The study, published in Applied Biochemistry and Biotechnology (2025), reports the development of a genetically modified Komagataella phaffii strain capable of producing xylonic acid from xylose, including from sugarcane bagasse hydrolysate. The researchers evaluated glucose and glycerol as co-substrates in fermentation and found that glycerol, a biodiesel byproduct, significantly boosted production yields.
In controlled bioreactor conditions, the engineered strain achieved 55.11 g/L of xylonic acid with a productivity of 0.19 g/L·h, while fermentation using 10% sugarcane bagasse hydrolysate yielded 42.30 g/L with a productivity of 0.44 g/L·h—showcasing strong potential for integrating waste valorization with green manufacturing.

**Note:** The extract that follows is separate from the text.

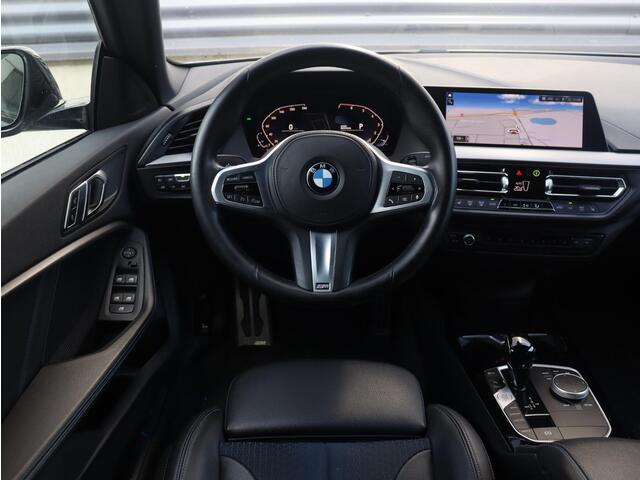 BMW 2-SERIE Gran Coupé 218i | M Sportpakket | Park Distance Control | Achteruitrijcamera | Getint Glas | Verwambare Voorstoelen | Sportstoelen | 18'' LMV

Xylonic acid, derived from xylose, serves as a biodegradable and thermally stable compound for producing polymers, preservatives, and vitamin intermediates. By utilizing sugarcane bagasse—a renewable feedstock available in over 270 million tons annually—the study proposes a pathway for sustainable biorefinery processes aligned with circular bioeconomy goals.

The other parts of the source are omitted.